É salutar a saída ao campo, no entanto, nem todas as pessoas, em suas ações, percebem que a relação do humano com a natureza também é algo sagrado. Algumas delas, movidas pela crença da colheita da marcela, na sexta-feira santa, deixam lixo industrializado no ambiente natural, o que não deixa de ser uma contradição.Mas também existem os bons exemplos.
Este grupo, liderado pelo patriarca Mika, anualmente realiza a colheita da marcela de forma harmônica e respeitosa ao ambiente natural |
O sagrado também implica em reconhecer a natureza como obra divina. Qualquer ser, por mais insignificante que pareça, é a expressão da força criadora. E por isso merece respeito.
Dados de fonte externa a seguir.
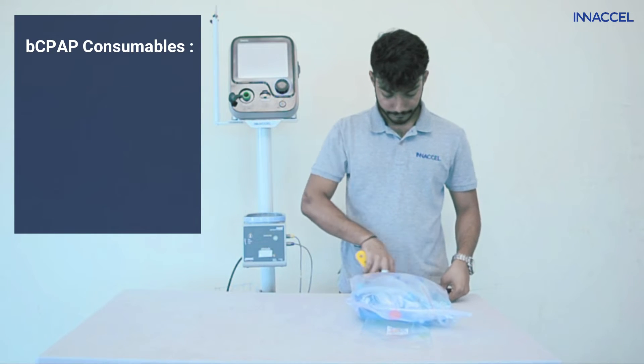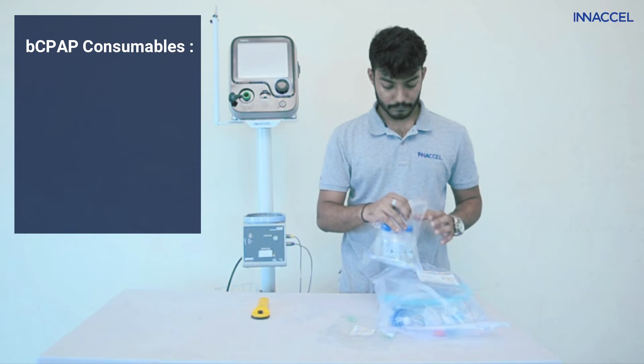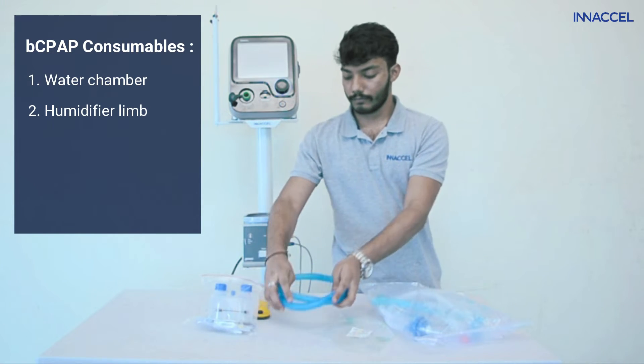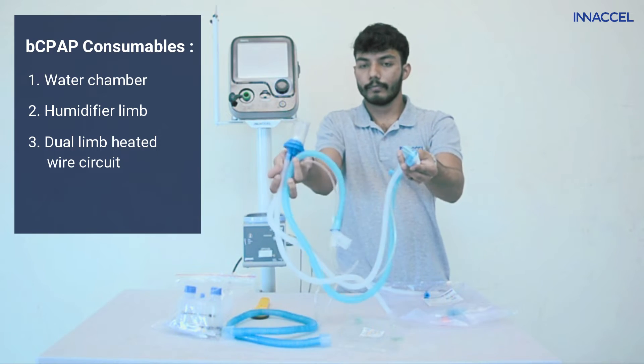You will find the following components inside: the water chamber, humidifier limb, dual limb heated wire circuit, and RAMS cannula.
Relatos das reflexões dos participantes do passeio:
Jarbas:
Passar a tarde de hoje no Sítio Itaperaju, em meio à natureza, foi bom. A experiência de estar entre outras formas de ser, sentir o cheiro das plantas, o frescor do ar, o silêncio rompido apenas pelo canto dos pássaros ou pelo barulho da vegetação ao caminhar é sempre algo único, subjetivo. Mas é na simplicidade, ou em momentos que parecem simples, que somos convidados a perceber, com o exercício de nossa sensação, a razão de ser, do sentido e da beleza da vida. Diria mais, são momentos como esses que nos deixam em contato com o divino. Estar entre a natureza, no dia de hoje, foi oportuno para encontrar o equilíbrio do eu, do espírito e o corpo.
Capim-limão e caraguatá |
Como interiorano, sempre faço comparações. A vivência do dia de hoje, ou quando estou, por exemplo, no centro de Porto Alegre, entre aquele amontoado de pessoas, indo e vindo, na corrida do dia a dia. Vejo expressões de preocupação na face e no olhar e, muitas vezes, de infelicidade. Tudo para garantir a sobrevivência. E então me pergunto, há outra forma de organização de sociedade?
Ana Luisa:
Esta ida ao campo foi muito interessante porque exploramos lugares e vimos animais diferentes.
Gralha-picaça (Cyanocorax chrysops) |
Melissa:
Eu gostei de andar pelo meio da capoeira, das vassouras, das barbas-de-bode, dos espinilhos esparsos perto do brejal, porque me lembro da minha infância, quando sentávamos pra fazer piquenique no gramado e tomar banho de açude. Até considero essas áreas mais bonitas do que as próprias florestas, pois não é preciso grandes árvores pra perceber a diversidade de plantas e animais que existem nesses locais.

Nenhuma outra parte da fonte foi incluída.